We won't spend all our money to buy funds like that, and the calculation method is different, but how can we make the fund allocation sound? Many people allocate fund sectors that are repetitive and single, and some sectors are not well balanced. The equipment sector will be balanced and unified, equipped with limited money, and the mainstream sector will be upgraded. If your 200,000 stock fund doesn't get bigger, it won't lose everything. On the contrary, if it gets bigger, it is likely to lose all the principal and even get into debt.
There is no fund that becomes a big lever. Pure 200,000 is your own capital. No matter how the stock fund falls, there will still be a certain total market value in your account.
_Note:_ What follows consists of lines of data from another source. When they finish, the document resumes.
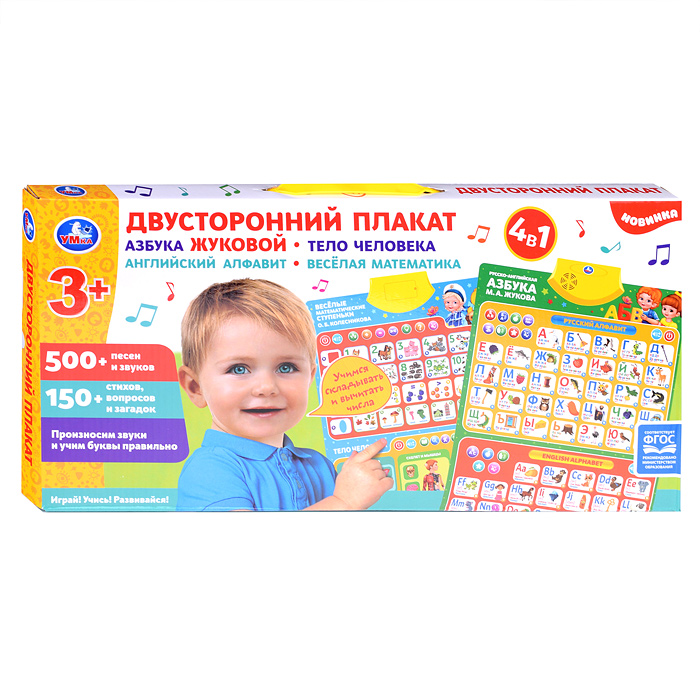Фото к товару Двусторонний плакат. Жукова М.А. 4в1. Азбука (650 слогов, песен, стихов на бат.) в коробке Двусторонний плакат. Жукова М.А. 4в1. Азбука (650 слогов, песен, стихов на бат.) в коробке
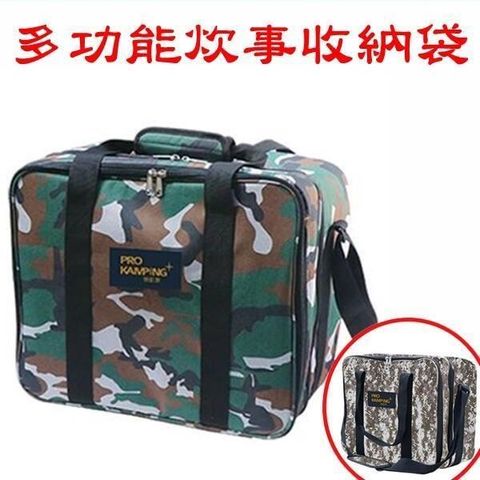 珍愛頌 【南紡購物中心】 A467 領航家 多功能炊事收納袋 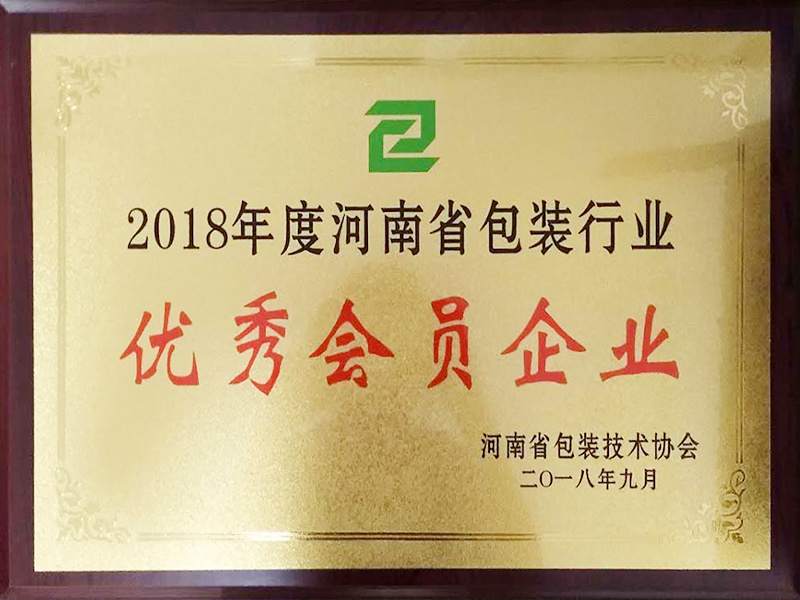 2018年度河南省包裝(zhuāng)行業優秀會員企業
Because domestic funds generally do not have a negative probability, even if they fall to 1, they still have a total market value and will not lose all their money. If the leverage becomes larger, this 200,000 yuan will become larger, for example, it will become 1 times, and the capital will become 400,000 yuan, and 200,000 yuan will be borrowed from financial institutions. Such a thing may lose all the capital. Because of the financing leverage, the financing leverage will face the loss of short positions when it is afraid of systemic risks.
Similar to the situation that stocks continue to fall, even if they are cleared, they can't sell at the falling limit and lose money. 99.99% of equity funds will not be wiped out. Because the fund is an investment product founded by a fund management company and managed by a professional team, the investment target is various stocks. If you have a heavy stock, you may be delisted and eventually lose everything. The stock fund is the asset allocation of a stock, which is composed of multiple stocks. Professional teams regularly switch positions, eliminate stocks with poor sales performance and suck in stocks with good performance. Therefore, as long as there is no big problem in the fund management company, the company manager will generally not let the stock fund lose everything.